Through the book Moriarty explains how kids should listen to their feelings and then “let them go.” She introduces simple breathing techniques that are appropriate for young children. There are also questions at the back of the book to help parents and teachers talk with children about their feelings.
Moriarty said adults can struggle with emotions, as well. It can be difficult in the moment to remember “respond, don’t react,” she said. The book teaches that feelings “come and go,” Moriarty said, adding that adults, as well as children, are capable of understanding that they can feel “big feelings” and still be safe. “They’re complex feelings, but it doesn’t have to be a complex lesson,” she said.
Moriarty said, “A major lesson at the end of the book is to focus on that feeling of love — loving strangers, friends, and most importantly, oneself. I think love encompasses all the emotions, which makes it unconditional. I see love as truly ‘seeing’ someone with no judgment. It is the strongest energy and helps us understand each other.”

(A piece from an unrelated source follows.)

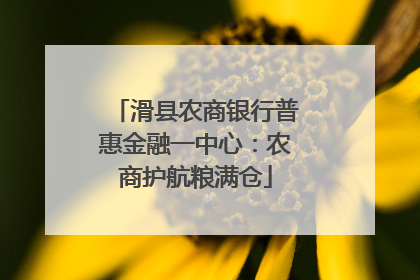 滑县农商银行普惠金融一中心：农商护航粮满仓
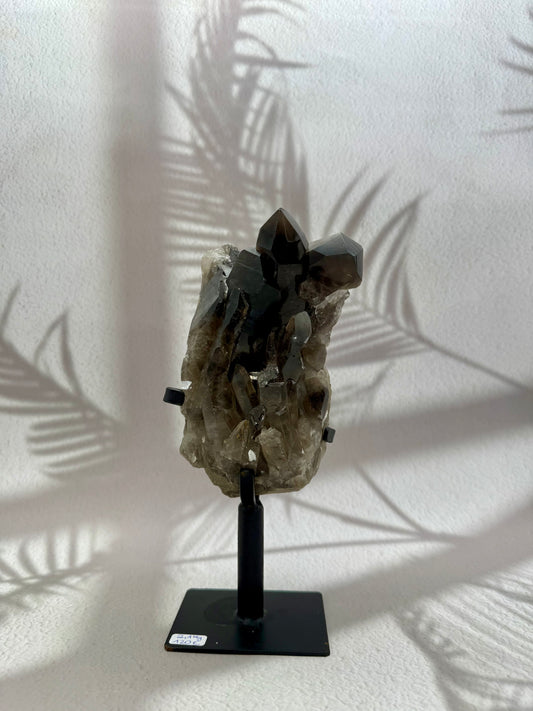 Rauchquarz auf Ständer 4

The first people to read the book were Moriarty’s three nephews ages 5, 3 and 18 months old. She said each of them seemed to get something different from it. While the 5-year-old was beginning to learn to read, the 3-year-old named the emotions that the fuzzies were displaying on the page and the 18-month-old pointed at them and made faces that corresponded to how they were feeling.
Eventually, Moriarty would like to create a series of books featuring fuzzies that would explore emotions in different situations such as the first day of school or when a new sibling is added to the family.
Moriarty said the feedback has been “really exciting.” So far, a preschool has purchased the book and read it as a class. Moriarty said she was told the children enjoyed it and some wanted to read the book again the next day. The first-time author has plans to read the book to children at the South Hadley Library and the book will be going to the Bowe Elementary School in Chicopee and a Hartford kindergarten class.
“Fuzzies: First Book of Feelings” is available on amazon.com.